BETANEWS.ID, KUDUS – Kegiatan Museum Keliling yang dilaksanakan di SMPN 1 Mejobo, Senin (30/10/2023) mendapatkan apresiasi dan respon yang bagus dari peserta. Bahkan mereka sangat semangat untuk mengunjungi Museum Situs Purbakala Patiayam setelah kegiatan sosialisasi tersebut.
Guru IPS SMPN 1 Mejobo, Puji Susanto, misalnya. Dia mengaku sangat senang sekali dengan kegiatan yang digelar oleh Dinas Kebudayaan dan Pariwisata (Disbudpar) Kabupaten Kudus itu.

“Kegiatan Museum keliling ini sangat bagus sekali, karena kegiatan ini sudah pernah dilakukan sebelumnya, tapi untuk siswa. Saat ini dilakukan untuk guru dan kepala sekolah, juga pengawas,” bebernya.

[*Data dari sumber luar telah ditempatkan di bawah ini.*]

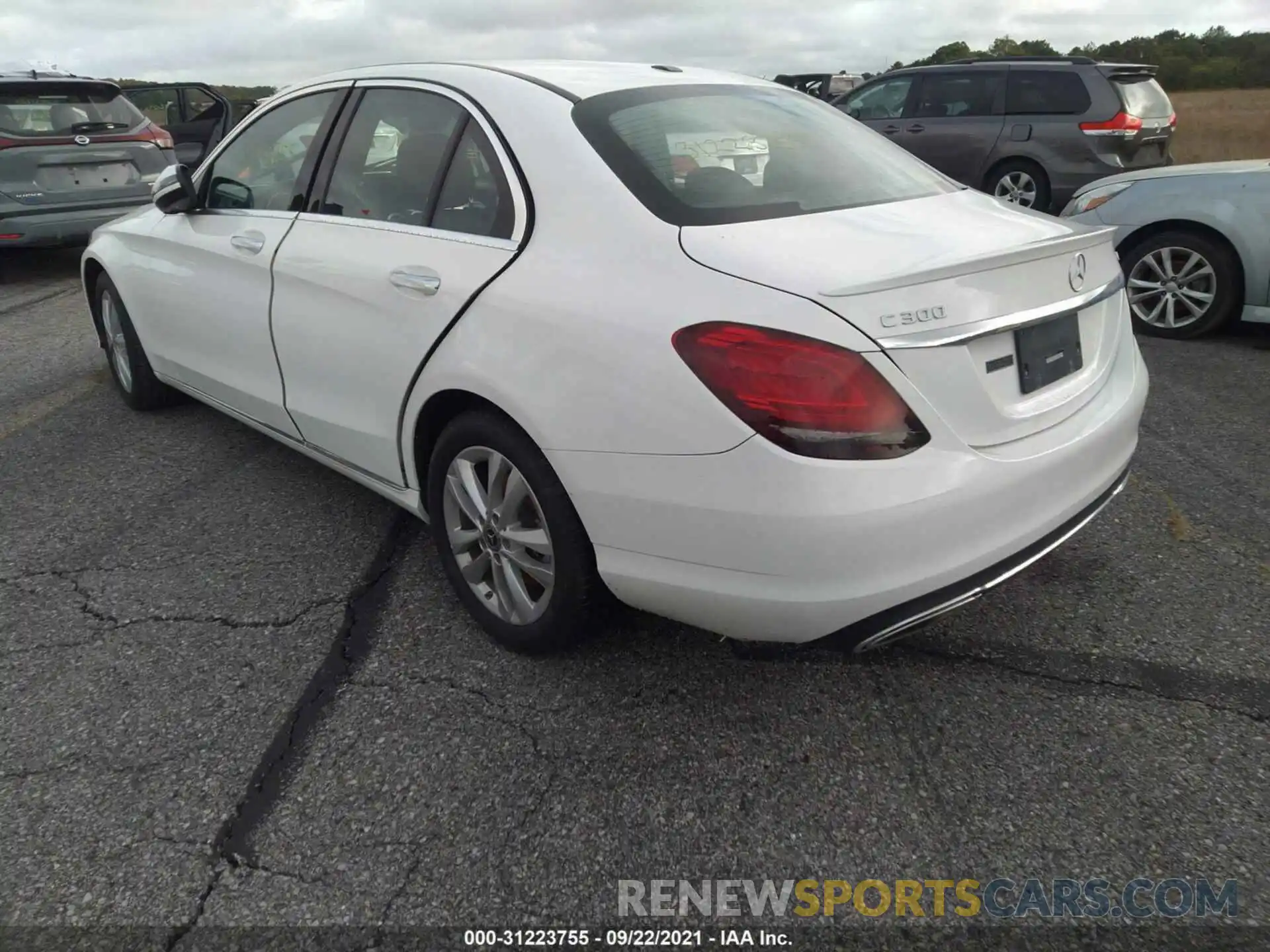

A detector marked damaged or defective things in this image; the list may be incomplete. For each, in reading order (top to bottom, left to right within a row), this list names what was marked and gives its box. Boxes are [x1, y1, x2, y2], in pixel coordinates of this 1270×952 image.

crack in pavement [159, 510, 421, 949]
cracked asphalt pavement [0, 250, 1265, 949]
crack in pavement [904, 645, 1270, 726]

Baca juga: Guru dan Kepala Sekolah di Kudus Belajar Sejarah di Museum Keliling
Ia mengungkapkan, untuk menindaklanjuti kegiatan tersebut, pihaknya akan mengajak siswa-siswinya melakukan pembelajaran di luar kelas dengan berkunjung ke Museum Situs Purbakala Patiayam. Sebab, dengan pengenalan kepada anak didik itu bisa memberikan pengetahuan terhadap anak, bahwa Kudus memiliki potensi sejarah yang sangat bagus.
“Diharapkan nanti pelaksanaan kegiatan ini ada tindak lanjutnya, siswa-siswi bisa diajak untuk outing class ke Museum Situs Purbakala Patiayam. Sehingga, anak-anak tahu bahwa potensi Kudus itu memliki Situs Purbakala, yang visa untuk belajar sejarah,” ungkapnya.
Karena sampai saat ini, kata Puji, kebanyakan anak belum tahu jika Kudus mempunyai Situs Purbakala. Menurutnya, anak-anak tahunya hanya yang modern saja, sehingga pengenalan melalui pendekatan kegiatan Museum Keliling ini sangat dibutuhkan.
Baca juga: Museum Keliling 2023 di Kudus Dapat Respon Positif
Puji mengaku, pihak SMPN 1 Mejobo sebelumnya sudah pernah melakukan kunjungan ke Museum Situs Purbakala Patiayam dua kali, yakni pada 2020 dan 2021.
“Bahkan dulu pada saat ke sana masih satu gedung, sekarang kan sudah ada dua gedung. Jadi pada saat satu gedung sudah pernah, dan dua gedung juga pernah. Rencananya nanti akan kita agendakan ke sana lagi untuk kelas VIII yang berkaitan dengan pembelajaran yang sesuai dengan Kurikulum Merdeka,” jelasnya.